EXERCISE PROMPT: Starting at the line that contains "Kadın Deri Ceket", repeat each line exactly through the last line of the listing, and repeat nothing else.

GIVEN RECORDS:
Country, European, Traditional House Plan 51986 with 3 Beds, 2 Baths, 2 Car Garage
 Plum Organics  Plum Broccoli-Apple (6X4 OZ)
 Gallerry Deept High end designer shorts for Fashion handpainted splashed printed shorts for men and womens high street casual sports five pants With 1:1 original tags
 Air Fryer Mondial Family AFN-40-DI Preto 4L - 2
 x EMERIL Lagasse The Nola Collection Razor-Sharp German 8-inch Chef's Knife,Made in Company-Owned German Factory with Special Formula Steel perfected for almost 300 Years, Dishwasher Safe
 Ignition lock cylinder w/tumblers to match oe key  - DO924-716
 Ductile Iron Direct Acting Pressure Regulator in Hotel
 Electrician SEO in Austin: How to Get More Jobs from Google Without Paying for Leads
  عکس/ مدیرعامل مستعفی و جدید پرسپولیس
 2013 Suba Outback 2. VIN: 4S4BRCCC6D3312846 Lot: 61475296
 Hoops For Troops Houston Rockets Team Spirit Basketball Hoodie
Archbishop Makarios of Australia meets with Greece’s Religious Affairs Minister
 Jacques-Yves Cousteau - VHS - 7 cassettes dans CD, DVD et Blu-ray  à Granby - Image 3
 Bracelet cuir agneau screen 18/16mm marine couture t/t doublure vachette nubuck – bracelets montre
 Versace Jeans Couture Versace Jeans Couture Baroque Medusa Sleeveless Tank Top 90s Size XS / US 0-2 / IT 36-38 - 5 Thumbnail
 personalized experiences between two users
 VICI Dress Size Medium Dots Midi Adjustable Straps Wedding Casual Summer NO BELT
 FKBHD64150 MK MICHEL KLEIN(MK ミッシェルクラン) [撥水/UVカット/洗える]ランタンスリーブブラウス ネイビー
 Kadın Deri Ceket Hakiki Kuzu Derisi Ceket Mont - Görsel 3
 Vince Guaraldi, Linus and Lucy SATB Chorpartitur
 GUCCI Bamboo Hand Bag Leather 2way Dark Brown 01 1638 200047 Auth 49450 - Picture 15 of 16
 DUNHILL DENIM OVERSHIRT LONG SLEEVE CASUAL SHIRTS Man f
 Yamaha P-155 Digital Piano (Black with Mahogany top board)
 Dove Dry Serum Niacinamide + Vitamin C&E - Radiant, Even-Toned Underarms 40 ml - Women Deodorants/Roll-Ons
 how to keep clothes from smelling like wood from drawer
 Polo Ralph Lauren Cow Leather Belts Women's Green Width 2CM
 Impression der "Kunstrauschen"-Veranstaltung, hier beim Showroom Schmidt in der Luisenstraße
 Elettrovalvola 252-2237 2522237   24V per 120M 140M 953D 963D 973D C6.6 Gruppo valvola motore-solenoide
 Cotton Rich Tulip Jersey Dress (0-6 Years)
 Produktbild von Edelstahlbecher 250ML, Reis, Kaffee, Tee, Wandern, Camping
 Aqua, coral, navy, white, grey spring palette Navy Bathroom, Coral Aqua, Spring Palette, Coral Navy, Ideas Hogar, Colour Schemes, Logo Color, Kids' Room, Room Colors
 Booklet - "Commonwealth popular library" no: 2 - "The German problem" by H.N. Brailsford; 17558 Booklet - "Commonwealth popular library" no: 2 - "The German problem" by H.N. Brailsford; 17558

SOLUTION:
 Kadın Deri Ceket Hakiki Kuzu Derisi Ceket Mont - Görsel 3
 Vince Guaraldi, Linus and Lucy SATB Chorpartitur
 GUCCI Bamboo Hand Bag Leather 2way Dark Brown 01 1638 200047 Auth 49450 - Picture 15 of 16
 DUNHILL DENIM OVERSHIRT LONG SLEEVE CASUAL SHIRTS Man f
 Yamaha P-155 Digital Piano (Black with Mahogany top board)
 Dove Dry Serum Niacinamide + Vitamin C&E - Radiant, Even-Toned Underarms 40 ml - Women Deodorants/Roll-Ons
 how to keep clothes from smelling like wood from drawer
 Polo Ralph Lauren Cow Leather Belts Women's Green Width 2CM
 Impression der "Kunstrauschen"-Veranstaltung, hier beim Showroom Schmidt in der Luisenstraße
 Elettrovalvola 252-2237 2522237   24V per 120M 140M 953D 963D 973D C6.6 Gruppo valvola motore-solenoide
 Cotton Rich Tulip Jersey Dress (0-6 Years)
 Produktbild von Edelstahlbecher 250ML, Reis, Kaffee, Tee, Wandern, Camping
 Aqua, coral, navy, white, grey spring palette Navy Bathroom, Coral Aqua, Spring Palette, Coral Navy, Ideas Hogar, Colour Schemes, Logo Color, Kids' Room, Room Colors
 Booklet - "Commonwealth popular library" no: 2 - "The German problem" by H.N. Brailsford; 17558 Booklet - "Commonwealth popular library" no: 2 - "The German problem" by H.N. Brailsford; 17558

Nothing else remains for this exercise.